Not necessarily the case but it is more likely to be required if you hold a managerial position and above and it also depends on your actual role/ job title/industry. However, if you are extremely good at what you do, there are ways and means around this rule. Project managers, for e.g. are required to produce attested degree certifcates but I know of someone who only got as far as high school and does not have a degree but he is also brilliant at his job and he got his visa despite what the rule says. I always did say that a degree is nothing more than an expensive piece of paper - experience is a lot more valuable!


----------



## Ogri750 (Feb 14, 2008)

Maz,

I have to disagree slightly with you on what a degree is.

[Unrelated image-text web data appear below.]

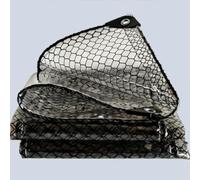 Bâche de Protection PVC 450g/m² Bâche Imperméable Translucide 0.9x1.9m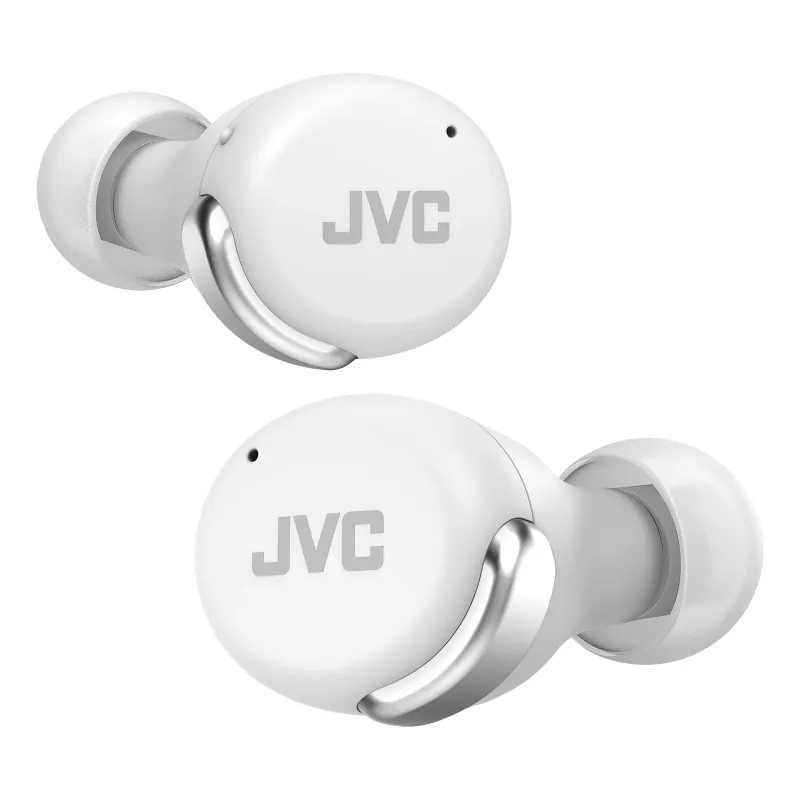 JVC HA-A30T aktīvās trokšņu slāpēšanas TWS austiņas baltā krāsā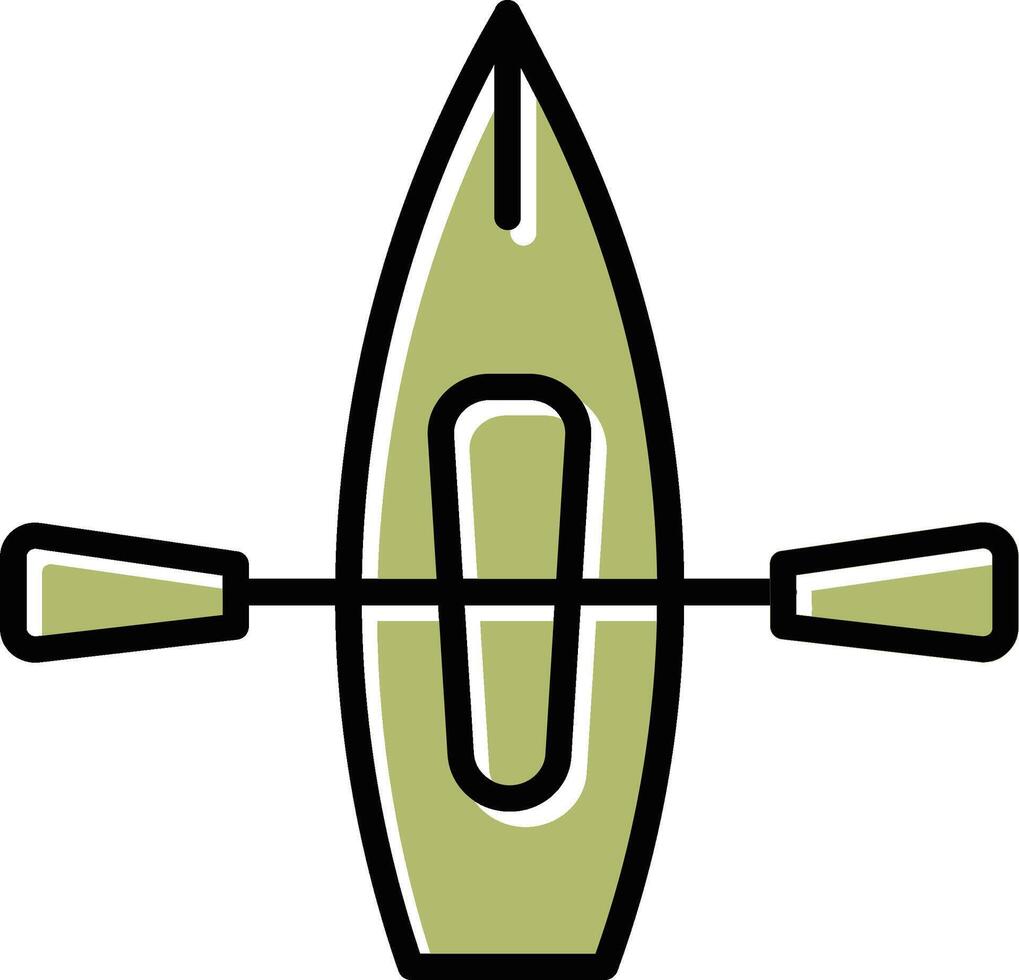 Kayak Vector Icon
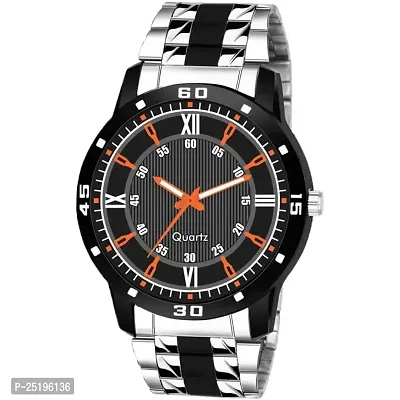 HD SALES Casual Analogue Multi Dial Men's Metal Watch (Pack of-2) ST74-thumb0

It's far more than an expensive bit of a paper, it's a bloody expensive bit of paper, coupled with numerous nights on the lash.

Ogri BSc IEng MIET


----------



## Maz25 (Jul 6, 2008)

Ogri750 said:


> Maz,
> 
> I have to disagree slightly with you on what a degree is. It's far more than an expensive bit of a paper, it's a bloody expensive bit of paper, coupled with numerous nights on the lash.
> 
> Ogri BSc IEng MIET


Ok, you win! 

Loving your new avatar, though, I have to say that you need to send that cat to school - what kind of cat allows a mouse to use its belly as a trampoline!


----------